Thomas Prévost (flûte), Hélène Devilleneuve (hautbois), Nadine Pierre (violoncelle), Catherine Cournot (piano), Christophe Henry (orgue)
Orchestre philharmonique de Radio France, Myung-Whun Chung (direction)


Myung-Whun Chung (© Jean-François Leclercq)



26 septembre 1994: Myung-Whun Chung, en instance de départ de l’Opéra national de Paris, dirige son dernier concert. L’ambiance est électrique: au terme d’une de ces batailles politico-musicales et juridico-financières dont la capitale – et particulièrement le jeune Opéra Bastille – a le secret, le directeur musical s’est vu reconnaître le droit d’assurer parallèlement les représentations de Simon Boccanegra. Au programme de ses adieux symphoniques: Les Offrandes oubliées et la création posthume du Concert à quatre de Messiaen, dont il est l’un des dédicataires, puis la Troisième symphonie de Saint-Saëns. A l’issue d’une longue ovation, le Poco adagio est bissé, tandis qu’on entend très distinctement Pierre Bergé, ancien président du conseil d’administration de l’Opéra, s’exclamer: «C’est une honte pour la France de laisser partir un chef aussi talentueux!».


26 septembre 2008: nullement échaudé par cette première expérience parisienne, Chung est depuis plus de huit ans directeur musical de l’Orchestre philharmonique de Radio France et célèbre généreusement le centenaire de Messiaen en présentant dix de ses œuvres en huit concerts. Après une première salve en avril dernier (lire ici et ici), cet automne sera notamment marqué par une représentation de Saint François d’Assise (le 31 octobre, en version de concert agrémentée d’une «création visuelle»).
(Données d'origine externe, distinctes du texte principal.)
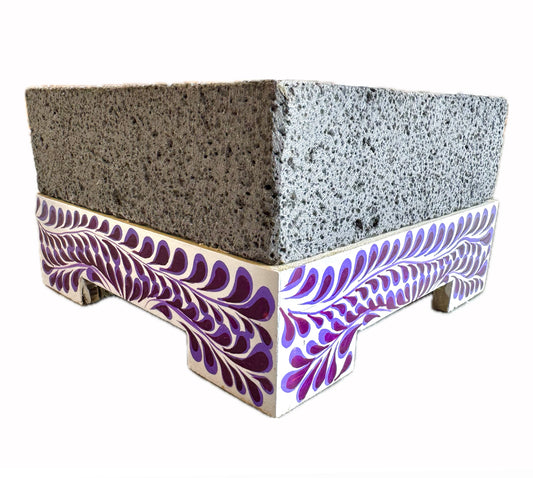 Mexican Handmade 5.5" Hand Painted Parota Wood Molcajete- Small Violet 2.0 CoLores Decor l Mexican Artisan Decor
Quasiment identique à celui donné quatorze ans plus tôt, le quatrième programme de ce cycle débutait toutefois par une autre page de jeunesse de Messiaen, Hymne (1932/1946). Chung y confirme d’emblée les affinités qu’il entretient avec le compositeur, faisant chanter comme nul autre les longues mélodies des premiers violons, avec les couleurs et la sensualité de quelque Nuit transfigurée – une tournure postwagnérienne qui ne choque finalement pas dans ce manichéisme brucknérien.


Le Concert à quatre (1991) se veut un «hommage à Mozart, Rameau et Scarlatti» – de fait, son titre évoque le classicisme français et son début n’est pas sans rappeler Un sourire, écrit pour le bicentenaire de la mort de Mozart. Pour le reste, l’orchestre, très fourni (bois par quatre ou cinq, neuf percussionnistes), se situe dans la lignée de celui de Saint François ou des Eclairs sur l’Au-Delà). Achevée par Yvonne Loriod, Heinz Holliger – deux de ses dédicataires et créateurs, avec Catherine Cantin, Msistlav Rostropovitch et Myung-Whun Chung – et George Benjamin, la partition était certes dans les meilleures mains qui soient, mais comment ne pas se demander ce que Messiaen lui-même en aurait fait? Moyennant quelques chants d’oiseaux et rythmes non rétrogradables, les quatre mouvements illustrent en tout cas sa fidélité à certaines caractéristiques de son style établies dès les années 1930. Le deuxième mouvement, «Vocalise», constitue d’ailleurs une adaptation de la Vocalise-Etude de 1935, étrange loukoum qui semble inspiré d’un orientalisme à la Rimski.


Messiaen eut parfois à souffrir de la comparaison avec Massenet, qui valait reproche aux yeux de ceux qui suggéraient ce rapprochement alors jugé infâmant: vous avez dit «sulpicien»? Dès lors, après Mozart en avril, l’association avec Saint-Saëns, plus encore compte tenu de la présence de l’orgue dans sa Troisième symphonie (1886), avait sa logique. Chung l’a enregistrée pour Deutsche Grammophon du temps de son passage à l’Opéra de Paris (couplée avec... L’Ascension de Messiaen) et elle demeure l’un de ses chevaux de bataille. S’il ne parvient pas à éviter quelques incidents techniques, il n’en livre pas moins une interprétation très inspirée: la musique va toujours de l’avant, mais le caractère épique et le sentiment d’urgence se concilient avec une respiration très naturelle et un sens inné des grandes courbes, jusqu’à une péroraison solennelle et festive qui évite le piège du pompiérisme. Avec Chung, le cœur de la symphonie se situe dans son Poco adagio, lent, mais dont les phrasés ne dégoulinent pas: il se révèle à son meilleur dans ces atmosphères recueillies et sacrées, où pour le coup, Saint-Saëns et Messiaen se rejoignent.